OMG...I have visions of being eaten in my sleeping bag, while camping!!  haha 
I see a cute pair of sweetie pies! :wub:


----------



## mjbgsd (Jun 29, 2004)

The weirdest one I've ever gotten was when Akbar was 4 months. I had him at his 1st dog show to walk around and some guy came up to us and said "He's very small for a German Shepherd." I was like, "HE's A 4 MONTH OLD PUPPY!!!" People.....

Someone asked if Cody was a Doberman.....Why yes, a really long, tall, fluffy variety.


----------



## Jessiewessie99 (Mar 6, 2009)

mjbgsd said:


> The weirdest one I've ever gotten was when Akbar was 4 months. I had him at his 1st dog show to walk around and some guy came up to us and said "He's very small for a German Shepherd." I was like, "HE's A 4 MONTH OLD PUPPY!!!" People.....
> 
> Someone asked if Cody was a Doberman.....Why yes, a really long, tall, fluffy variety.


Can i have one of those??lol.

yes Simba & Max were complete sweeties.lol.


----------



## LaRen616 (Mar 4, 2010)

When Sinister just turned 5 months old someone asked us if he would get any bigger or if he was a minature GSD??? What?

I still get questions asking if he is a black lab. Sometimes when I tell them that he is a GSD they argue with me! Someone said "That is not a GSD, I hope you didn't pay alot of money for him because he is obviously not purebred because there is no such thing as a black GSD." I said "Well then you obviously dont know anything about GSD's because they come in several colors not just black/tan.
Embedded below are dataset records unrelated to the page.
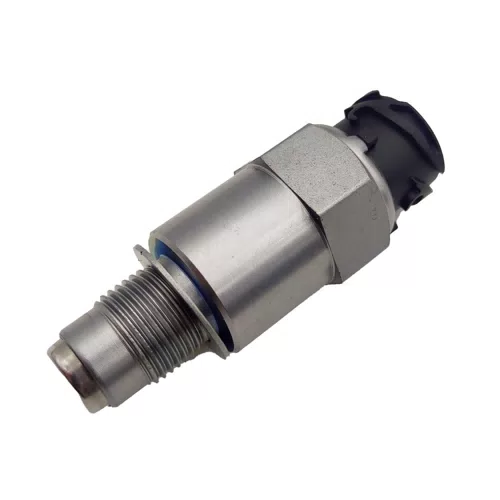 High Quality 215920102301 Speed Odometer Sensor For Siemens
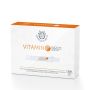 Vitamin C Booster Serum (3x10ml)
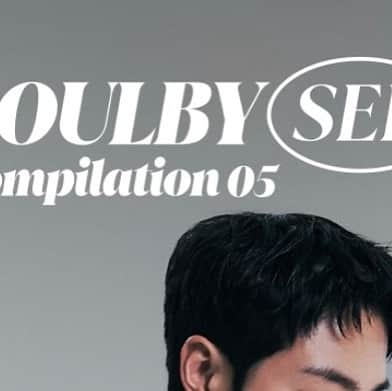 iKONさんのインスタグラム写真 - (iKONInstagram)「'SOULBYSEL Compilation 05' ARTIST LINEUP  2023.05.15 (MON) 6PM KST  구준회 (of iKON) @juneeeeeeya @SOULBYSEL  #JU_NE #구준회  #iKON #아이콘 #SOULBYSEL #소울바이서울 #KPOP #KRNB」5月9日 18時01分 - withikonic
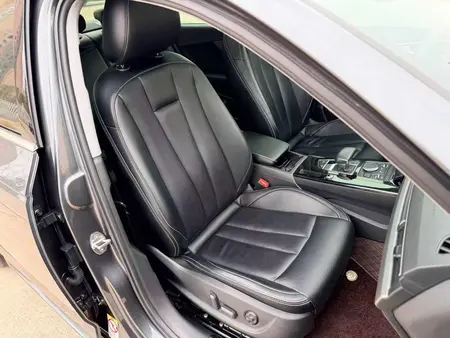 catalog-car-16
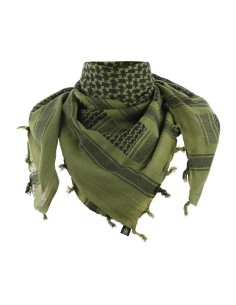 M-Tac Shemagh Scarf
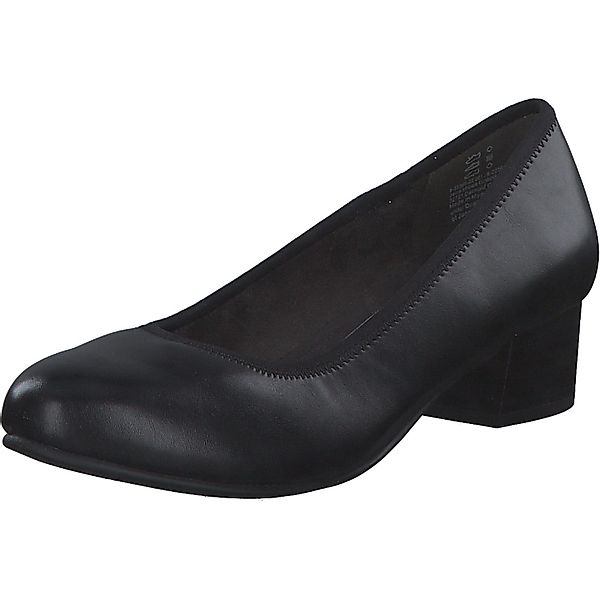 Jana 8-22360-42/001 M2236041 Pumps günstig online kaufen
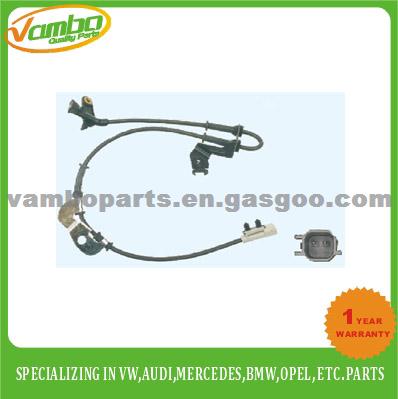 DODGE CHRYSLER ABS Sensor 4683471AB 4683471AD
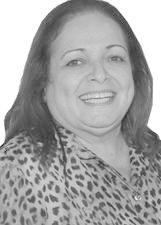 Foto de JOSANY RICARDA DONATO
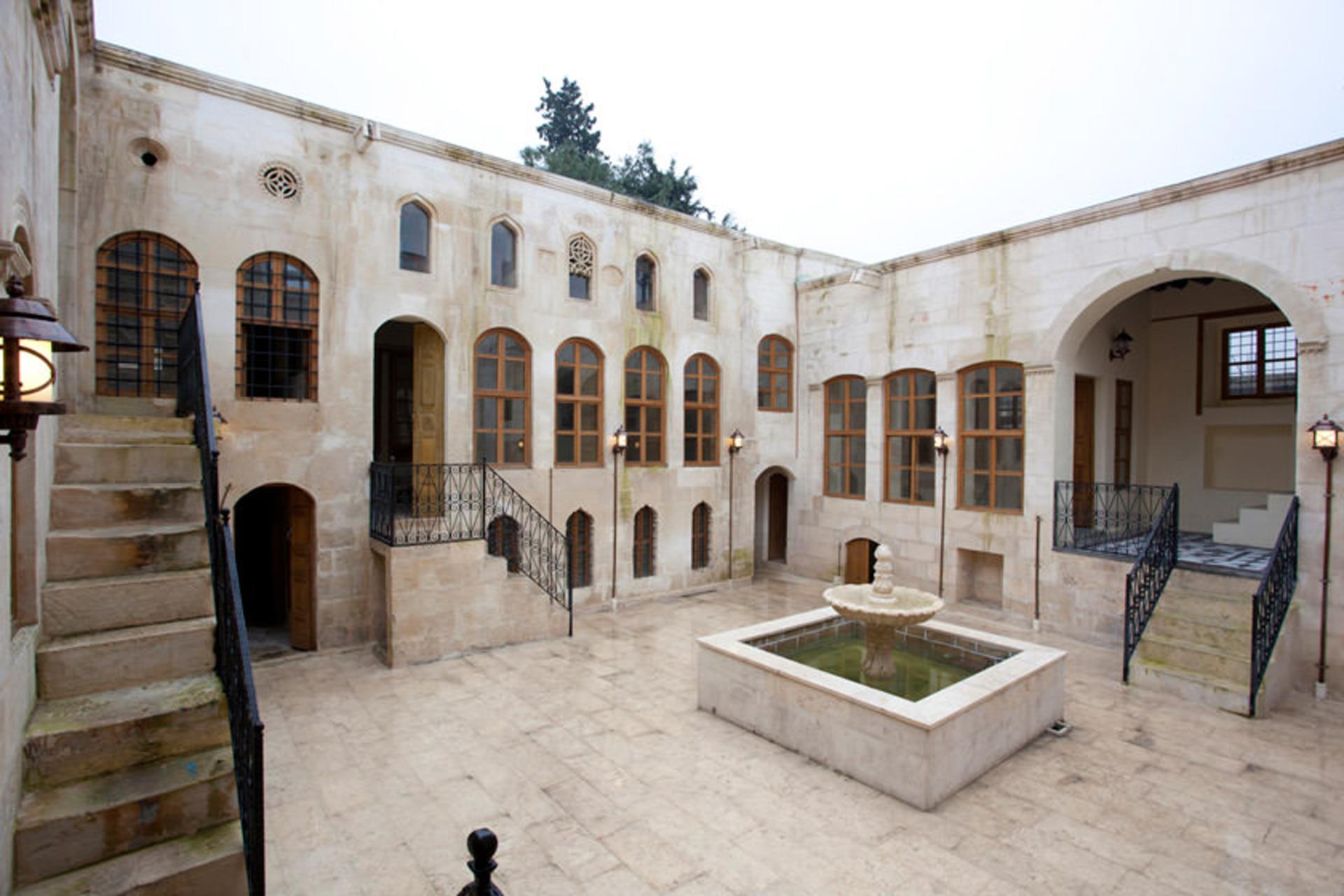 کیلیس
Look at his AKC tag around his neck, they dont just give that to any dog, it has to be purebred." He told me I could have gotten that AKC chip anywhere. I was like whatever your right.

REALLY?????


----------



## trish07 (Mar 5, 2010)

A 6years old kid told me I wans't allowed to have a "Police Dog a.k.a GSD" if I wasn't working as a police officer.


----------



## DrDoom (Nov 7, 2007)

I was asked once if Bear was the dog this guy saw when he was a kid bite his cousin. This guy said it happened when he was seven. He HAD to be AT LEAST 25 when he asked, and he wasn't joking.


----------



## Rerun (Feb 27, 2006)

When my GSD pup was in training as a guide dog, on occasion people would ask if she was a "police dog in training."

She wore a bright baby blue blanket with big triangles that said "future leader dog." Also usually had her bandana on.
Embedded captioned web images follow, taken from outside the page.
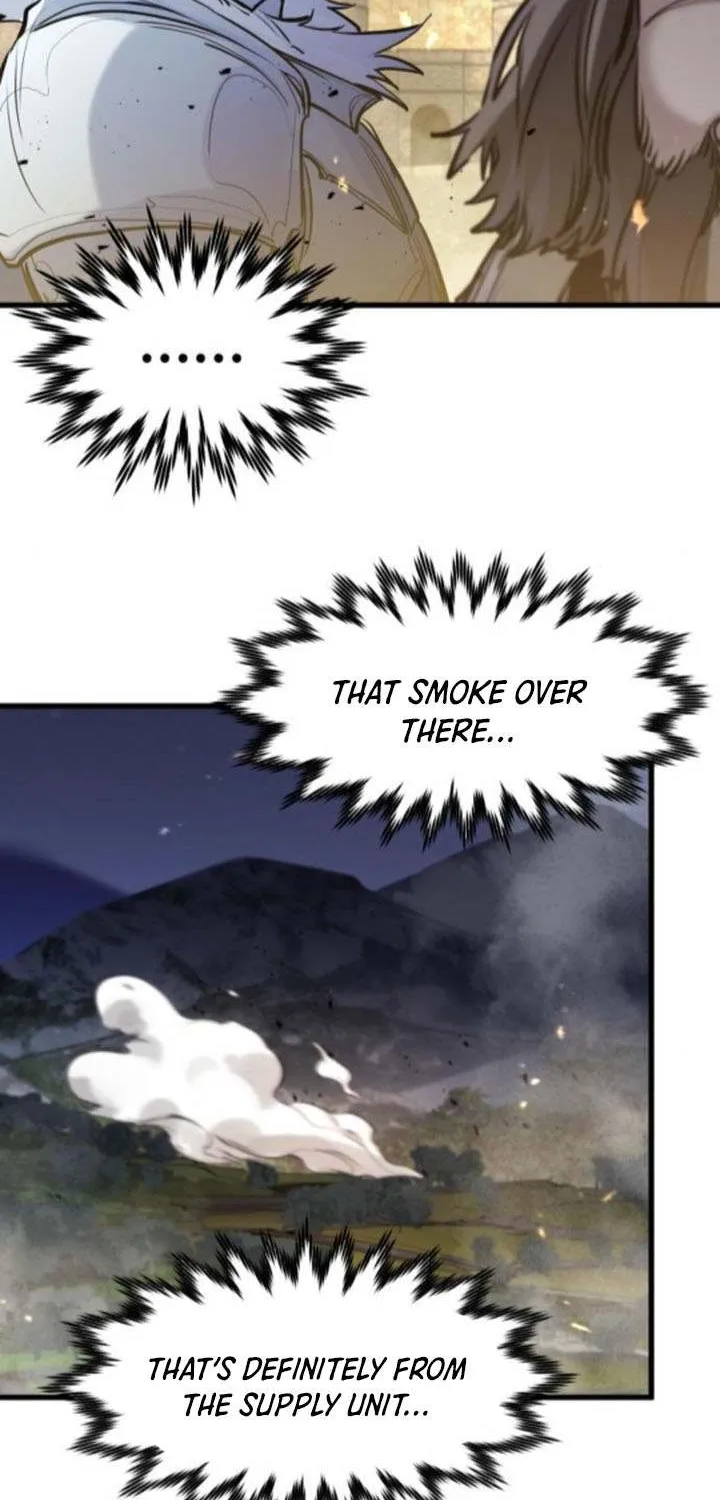 Read The Regressed Mercenary’s Machinations chapter 36 image 79 on Lezhin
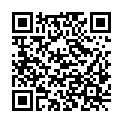 QR code zu den Gipfel  Blaskopf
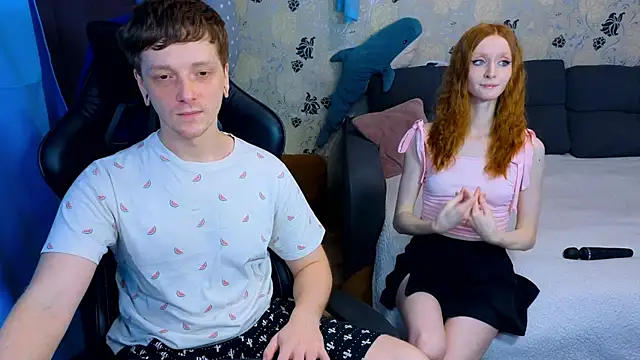 lakmsrrrmrrr live sex cam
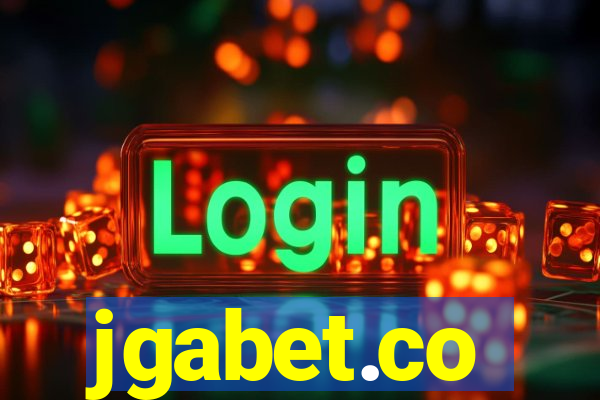 jgabet.co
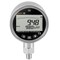 Pce Instruments Digital Pressure Gauge, Up to 145 psi PCE-DPG 10 - alternate 3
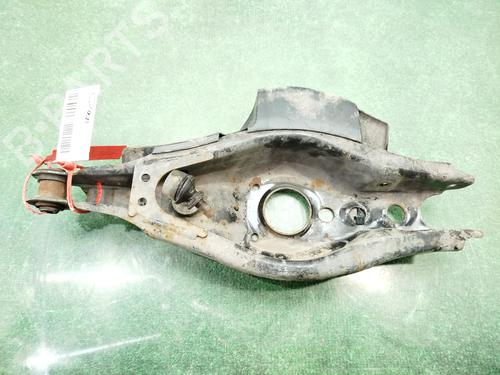 Right rear suspension arm TOYOTA AVENSIS Estate (_T27_)  | BP30054980M15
Always thought that was a bit odd. Lots of questions about her, what a "leader dog" was, the training process, etc etc etc. But the police dog in training one always threw me for a loop. She was 6 months old in the above pic.

Can't think of any questions too odd that were asked about my pet dogs. I'll keep thinking but mostly I just get the usual "is that a wolf mix" and the sort. Nothing too abnormal for GSD people with a bi-color and a sable.


----------



## Remo (Sep 8, 2004)

I had a guy tell me that whoever had cropped Remo's ears had done a really nice job on them. When I told him that you do NOT crop a GSDs ears, and that they should go erect naturally, he proceeded to argue with me about it. I gave up after a couple of minutes because the guy was SO sure of himself. What a dork.


----------



## abby (Mar 13, 2010)

my neighbours youngest kid asked if my gsd was a bloodhound his mum and dad laughed and put him straight, he wasn't very old bless him! kobes never offence lol then an argument started with the kid wanting a gsd.


----------



## Sigurd's Mom (May 12, 2009)

LaRen616 said:


> When Sinister just turned 5 months old someone asked us if he would get any bigger or if he was a minature GSD??? What?
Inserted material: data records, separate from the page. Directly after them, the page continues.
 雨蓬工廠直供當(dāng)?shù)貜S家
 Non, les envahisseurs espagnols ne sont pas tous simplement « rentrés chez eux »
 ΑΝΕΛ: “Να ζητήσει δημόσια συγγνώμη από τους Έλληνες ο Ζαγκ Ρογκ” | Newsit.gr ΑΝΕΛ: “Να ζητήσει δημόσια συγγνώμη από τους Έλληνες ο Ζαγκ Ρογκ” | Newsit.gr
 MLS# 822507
Hahaha same thing happened to me! He was 5 months old too! :crazy:


----------



## LaRen616 (Mar 4, 2010)

I didn't know they even existed :crazy:


----------



## Furricane (Feb 18, 2010)

Hah where do I start?

The first day I got Apollo I took him into a pet store to get some supplies we needed. We were walking inside when a man asked me what kind of dog he was, I told him and he was quiet for a second before saying to me. "How much do you want for him?" It totally shocked me! Since then I've had a few other people offer to buy him, and four people ask if I would breed him with their dogs. It always seems weird to me, I don't pimp out my dog! 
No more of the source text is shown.